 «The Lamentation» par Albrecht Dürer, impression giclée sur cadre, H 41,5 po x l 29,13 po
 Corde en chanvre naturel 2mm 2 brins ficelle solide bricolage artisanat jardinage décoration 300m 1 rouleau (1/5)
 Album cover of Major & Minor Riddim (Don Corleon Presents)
......
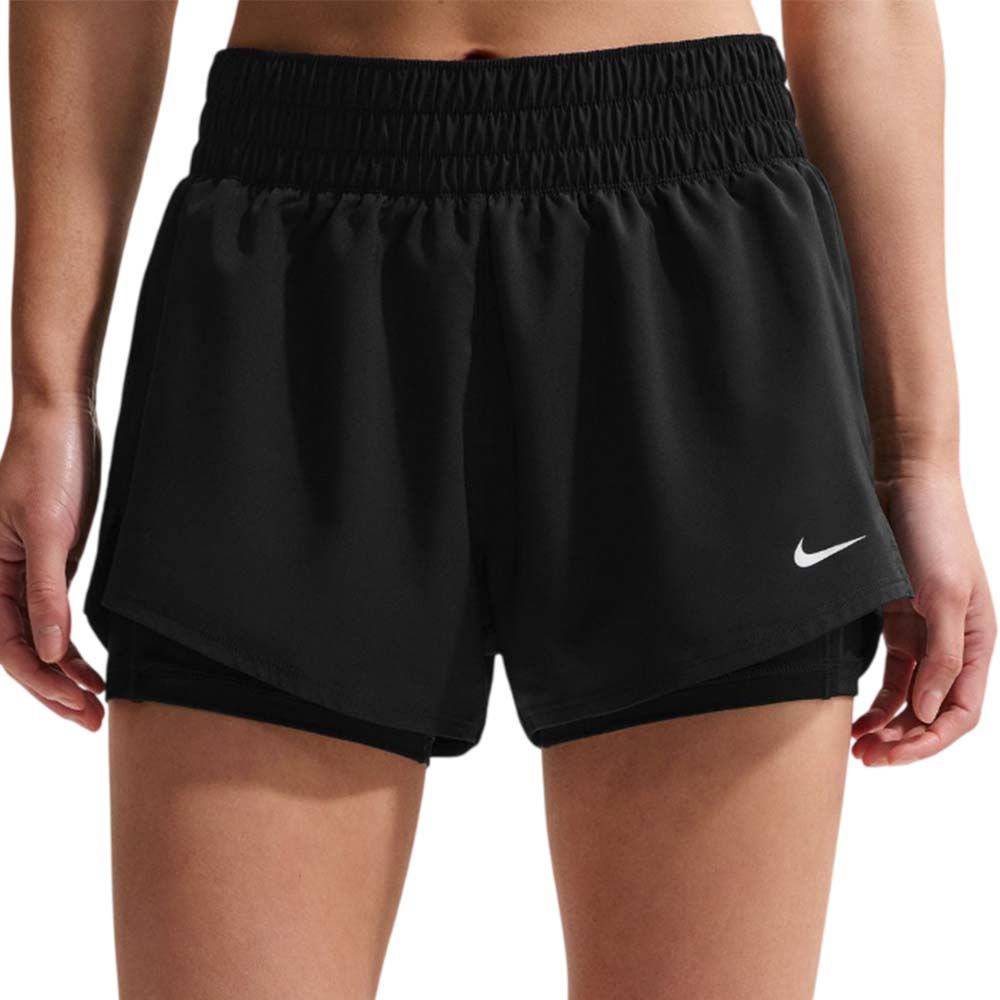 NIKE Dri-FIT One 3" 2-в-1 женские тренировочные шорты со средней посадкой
......
WORK ORDER: There is a run of lines above from the one with "x l 29,13 po" to the one with "Album cover of"; print exactly that run, both ends included, and nothing else.

EXERCISE ANSWER:
 «The Lamentation» par Albrecht Dürer, impression giclée sur cadre, H 41,5 po x l 29,13 po
 Corde en chanvre naturel 2mm 2 brins ficelle solide bricolage artisanat jardinage décoration 300m 1 rouleau (1/5)
 Album cover of Major & Minor Riddim (Don Corleon Presents)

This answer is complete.